Aux termes de l’article 17, le fournisseur de système d’IA à haut risque met en place un système de gestion de la qualité sous forme de politiques, de spécifications techniques et de procédures. Cet aspect de la réglementation est déterminant dans la mesure où le système de qualité sert de référence pour l’évaluation de la conformité.

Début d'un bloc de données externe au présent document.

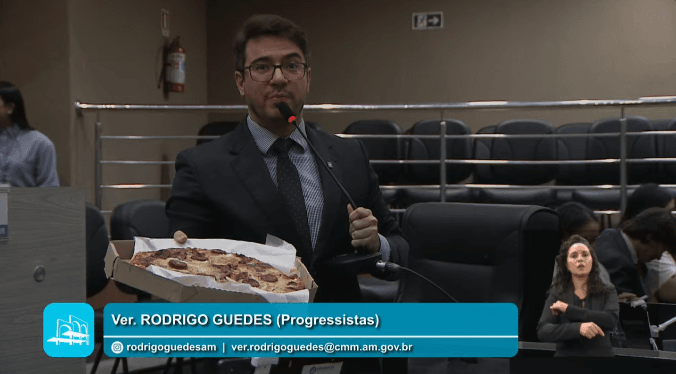 Segurando uma pizza, vereador cobra CMM por caso Bual: “Um mês de silêncio é inaceitável”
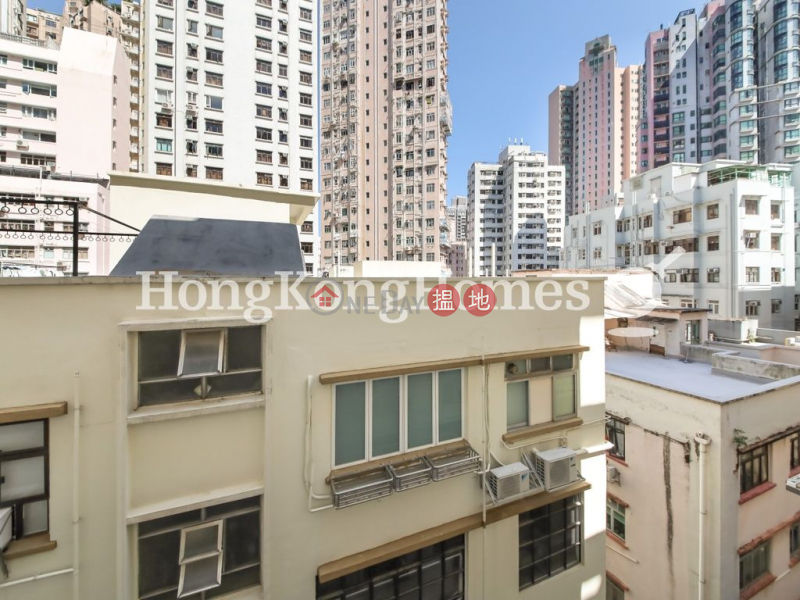 Property Search Hong Kong | OneDay | Residential | Rental Listings | 3 Bedroom Family Unit for Rent at Carol Mansion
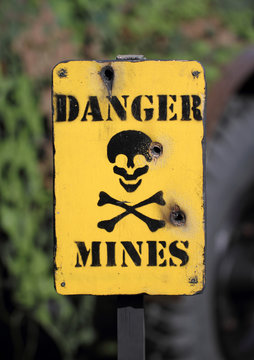 Panneau - Danger mines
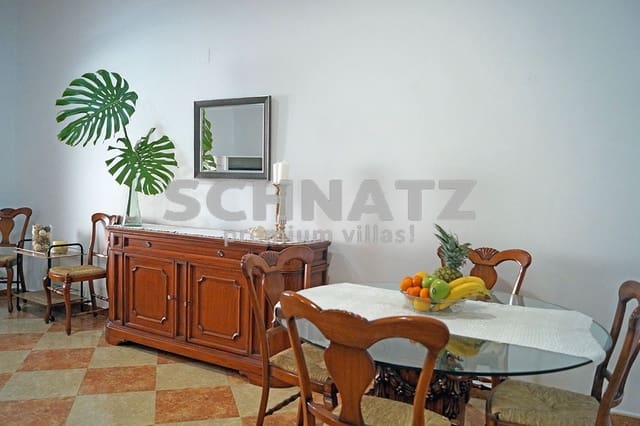 6 bedroom Townhouse for sale in Oliva - € 320,000 (Ref: 8562167)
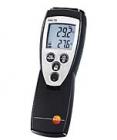 testo 720單通道測(cè)溫儀可以連接不同的空氣探頭、浸入式探頭和表面探頭，量程從-100℃，到800℃，適用于各類不同測(cè)量。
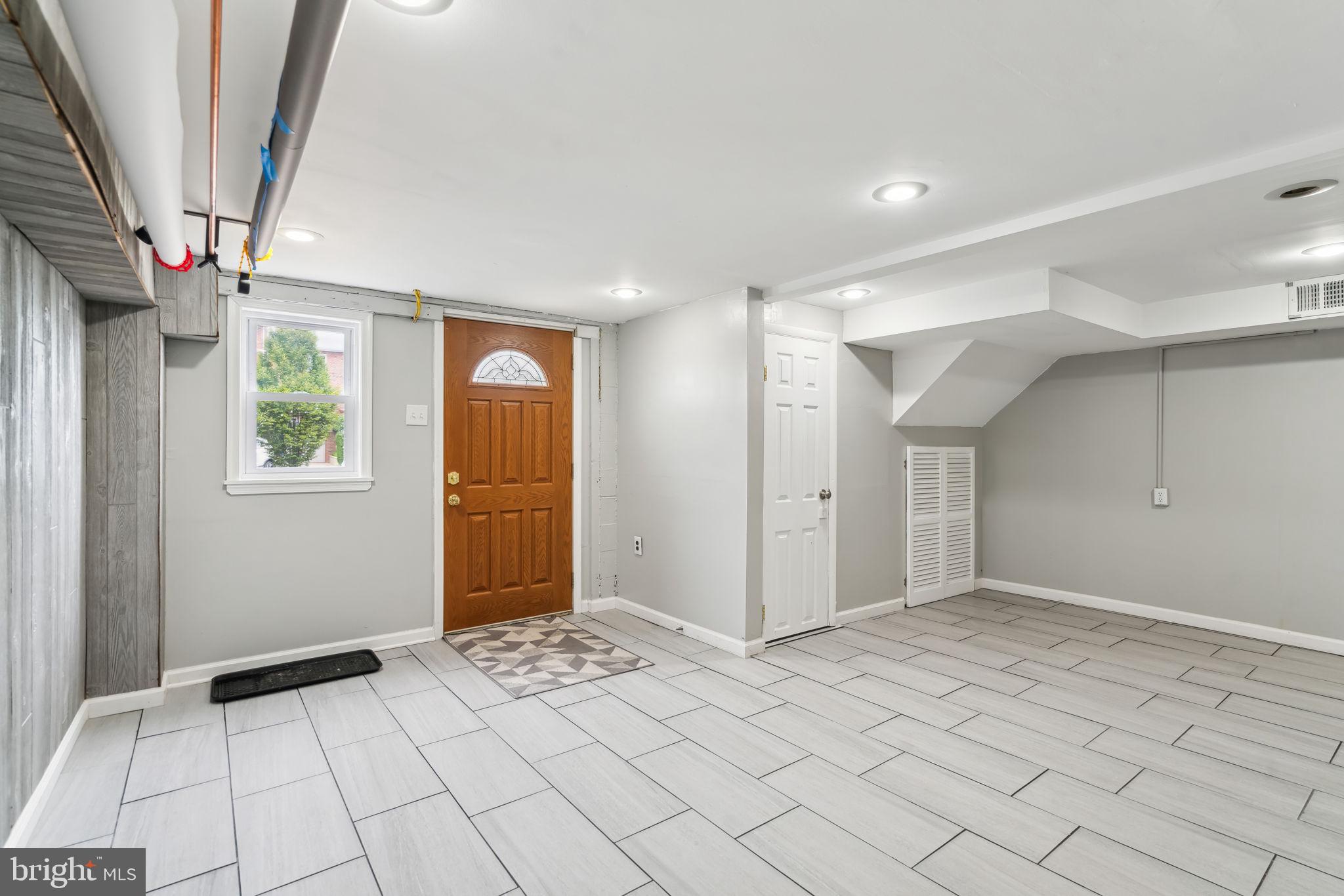 4239 Chalfont Pl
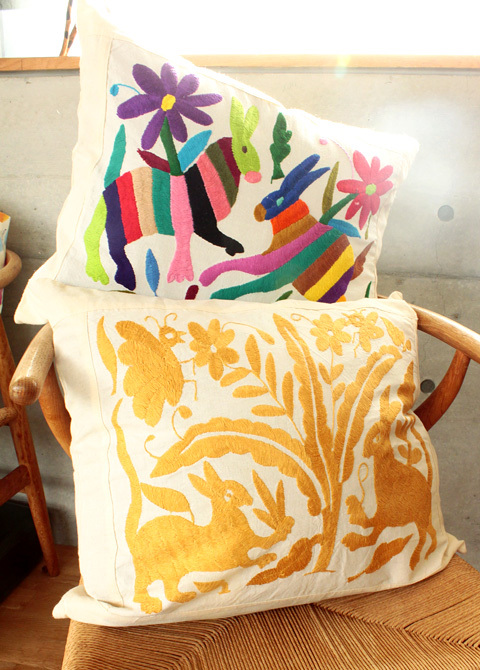 オトミ族の刺繍クロスー手刺繍クッションカバー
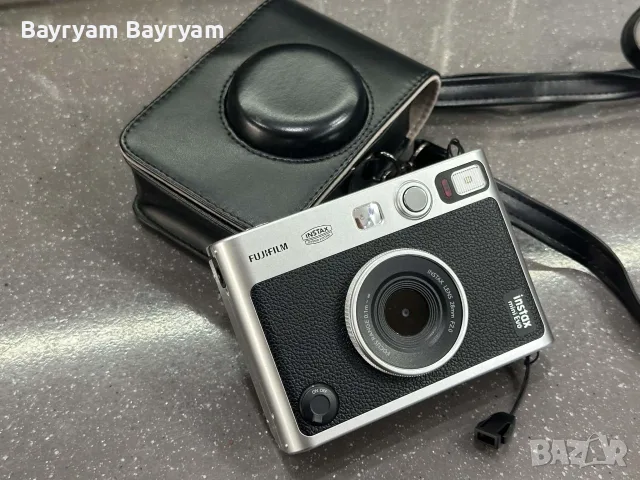 НОВ! Фотоапарат за моментни снимки FUJIFILM MINI EVO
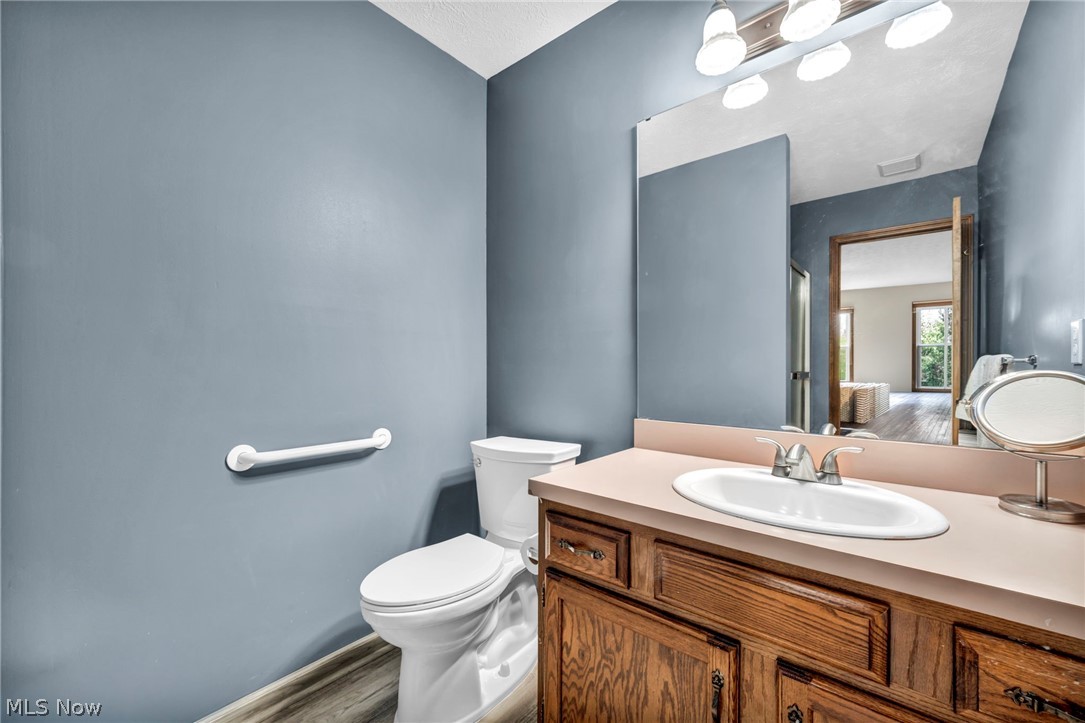 9841 Brookline Oval Strongsville OH 44136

La conformité d’un système qui détermine sa mise sur le marché est présumée lorsque le fournisseur a appliqué des normes harmonisées dont les références sont publiées au Journal officiel de l’Union européenne44 ou des spécifications communes adoptées par la Commission européenne45. Dans le cas contraire, exception faite des systèmes ayant été entraînés et testés de manière spécifique qui bénéficient également de ce fait d’une présomption de conformité, l’obtention de la conformité est soumise, soit à une évaluation interne, soit à un organisme tiers selon la catégorie de système d’IA mis en œuvre46.
À la suite du texte de compromis adopté le 9 décembre 2023 par le Parlement et le Conseil, des travaux doivent encore se poursuivre au niveau technique afin de finaliser le règlement avant son adoption formelle par les deux institutions. La législation sur l’IA devrait entrer en vigueur en 2025.
Si l’UE s’est saisie des enjeux liés à l’IA et qu’elle apparaît pionnière en matière de réglementation sur l’IA, d’autres acteurs au niveau régionale et internationale interviennent et prennent part à la gouvernance de l’IA. Tous ne témoignent pas de la même logique ; ce qui pose de sérieux défis en termes de gouvernance mondiale.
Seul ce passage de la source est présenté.